Case, automobili e  strade distrutte  punteggiano il campo profughi di Jenin mentre Israele si ritira. Ma la sfida è ancora viva

Fonte:English version

Di Ayman Nobani – 5 luglio 2023

Immagine di copertina: Palestinesi  camminano tra le macerie davanti a un edificio nella città occupata di Jenin, in Cisgiordania, un giorno dopo un’operazione militare israeliana che ha ucciso 10 palestinesi. (Ronaldo Schemidt/AFP/Getty Images)

Jenin, Cisgiordania occupata – Il braccio di Waled Rashed Mansour è blu, là dove un cane militare israeliano lo ha attaccato, il ricordo vivo come la ferita.

“Sono entrati in casa nostra, hanno fatto saltare le porte”, ha ricordato il 65enne, residente nel campo profughi di Jenin nella Cisgiordania occupata. “Mi hanno aizzato contro il loro cane. Il cane ha obbedito e mi ha assalito al petto.

“Loro” sono i militari israeliani, che mercoledì mattina hanno annunciato il ritiro dal campo dopo due giorni di intensi attacchi aerei e di terra in cui sono rimasti uccisi almeno 11 palestinesi e decine sono stati feriti.

Al termine del più grande assedio israeliano di Jenin degli ultimi vent’anni, sono emerse storie di traumi e devastazioni dal piccolo insediamento che ha ospitato tre generazioni di palestinesi, fuggiti dalla loro terra ancestrale durante la Nakba (catastrofe) del 1948.

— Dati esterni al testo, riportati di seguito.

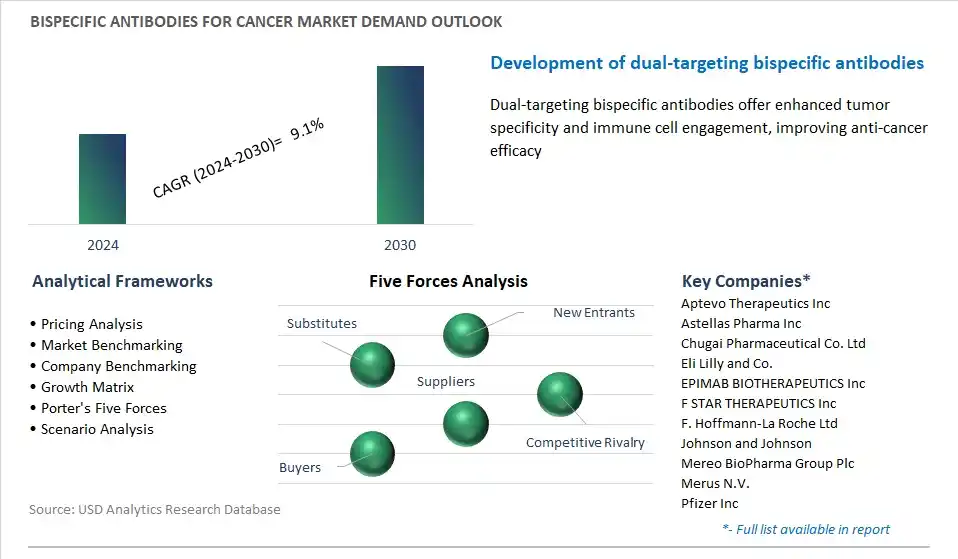 Bispecific Antibodies for Cancer Industry- Market Size, Share, Trends, Growth Outlook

Ma da parte dei residenti è anche evidente una ferma determinazione e una sfida rivolta a Israele e ai suoi alleati internazionali.

“Il messaggio al mondo e all’occupazione è che questo campo continuerà a funzionare”, ha detto il 56enne Ahmed Abu Hweileh, un residente del campo profughi. “Hanno cercato di distruggerlo, ma non ci riusciranno.”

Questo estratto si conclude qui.